*What you need to do*
Go to the line containing "Nieuwe Leuke Rood" in the material below. From there to the end, retype every line exactly and drop the pictures.
[Records shown — start]
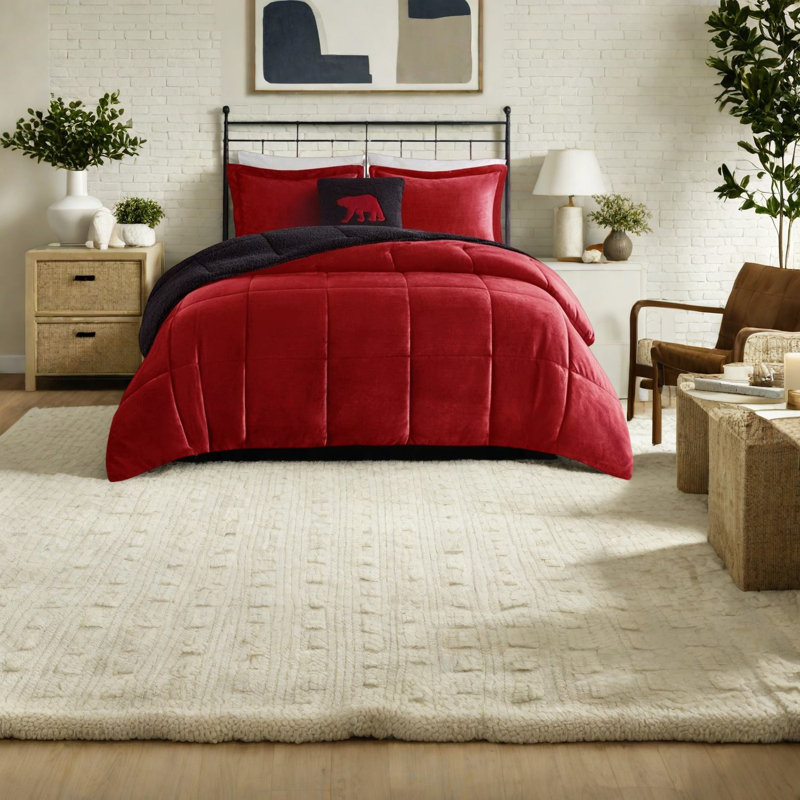 Cozy Sherpa Bedding Sets, Polyester Plush, Cabin Style For Home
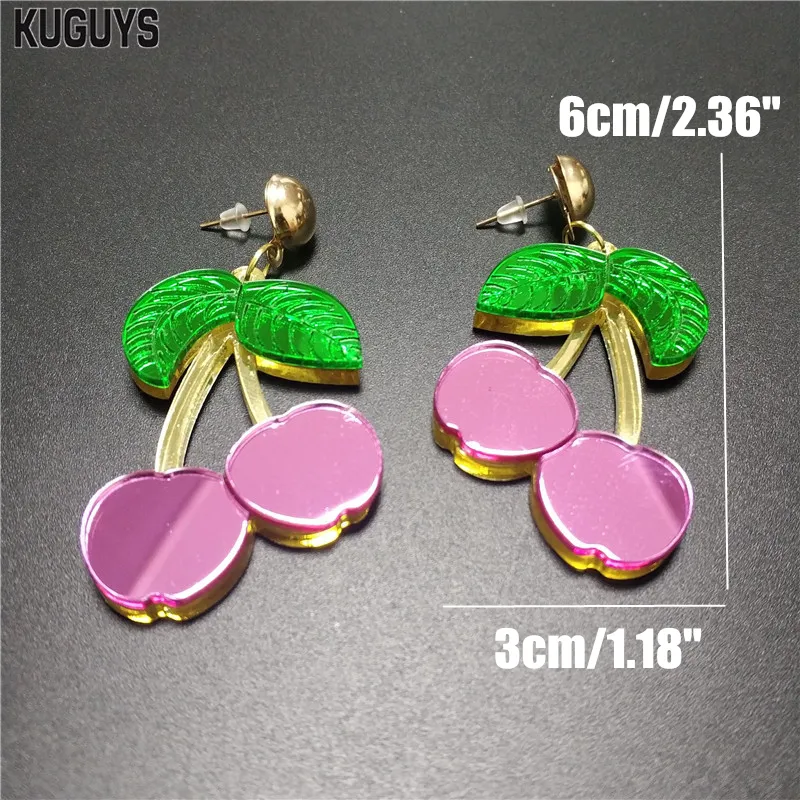 Nieuwe Leuke Rood Roze Cherry Dangle Oorbellen voor Meisjes Vrouwen Spiegel Acryl Drop Earring Trendy Sieraden Mode Accessoires1798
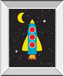 Blast Off By Ann Kelle - Mirror Framed Print Wall Art - Black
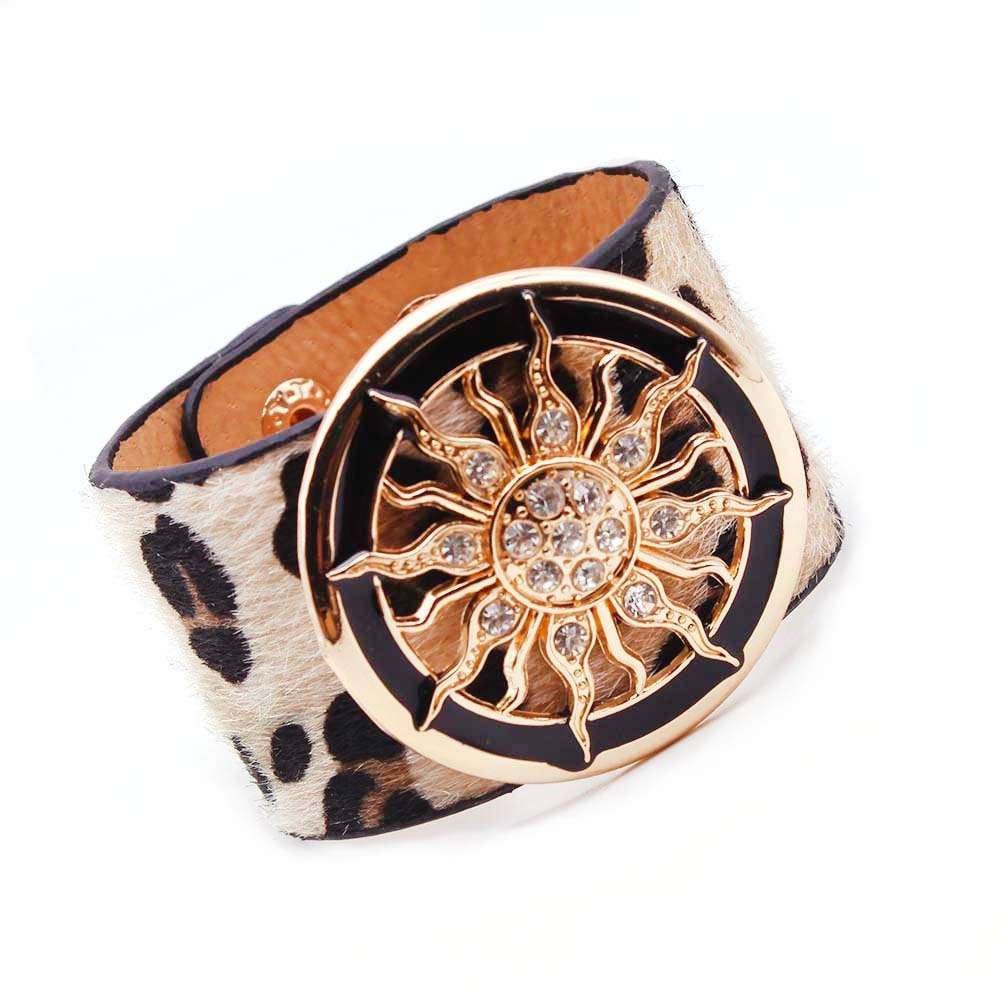 Leopard Charm Leather Bracelet Bracelets Gifting By Julia M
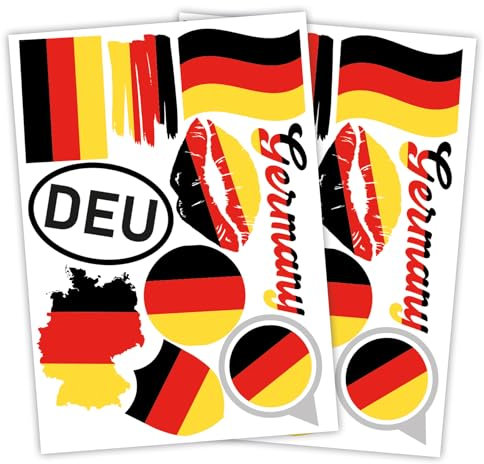 Finest Folia 2er Set DIN A4 Länderaufkleber Fahne Aufkleber Länderfahne Flagge für Auto Motorrad Sticker Länderflagge selbstklebend wetterfest R217 (15 Deutschland)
[Records shown — finish]
*Answer area*
 Nieuwe Leuke Rood Roze Cherry Dangle Oorbellen voor Meisjes Vrouwen Spiegel Acryl Drop Earring Trendy Sieraden Mode Accessoires1798
 Blast Off By Ann Kelle - Mirror Framed Print Wall Art - Black
 Leopard Charm Leather Bracelet Bracelets Gifting By Julia M
 Finest Folia 2er Set DIN A4 Länderaufkleber Fahne Aufkleber Länderfahne Flagge für Auto Motorrad Sticker Länderflagge selbstklebend wetterfest R217 (15 Deutschland)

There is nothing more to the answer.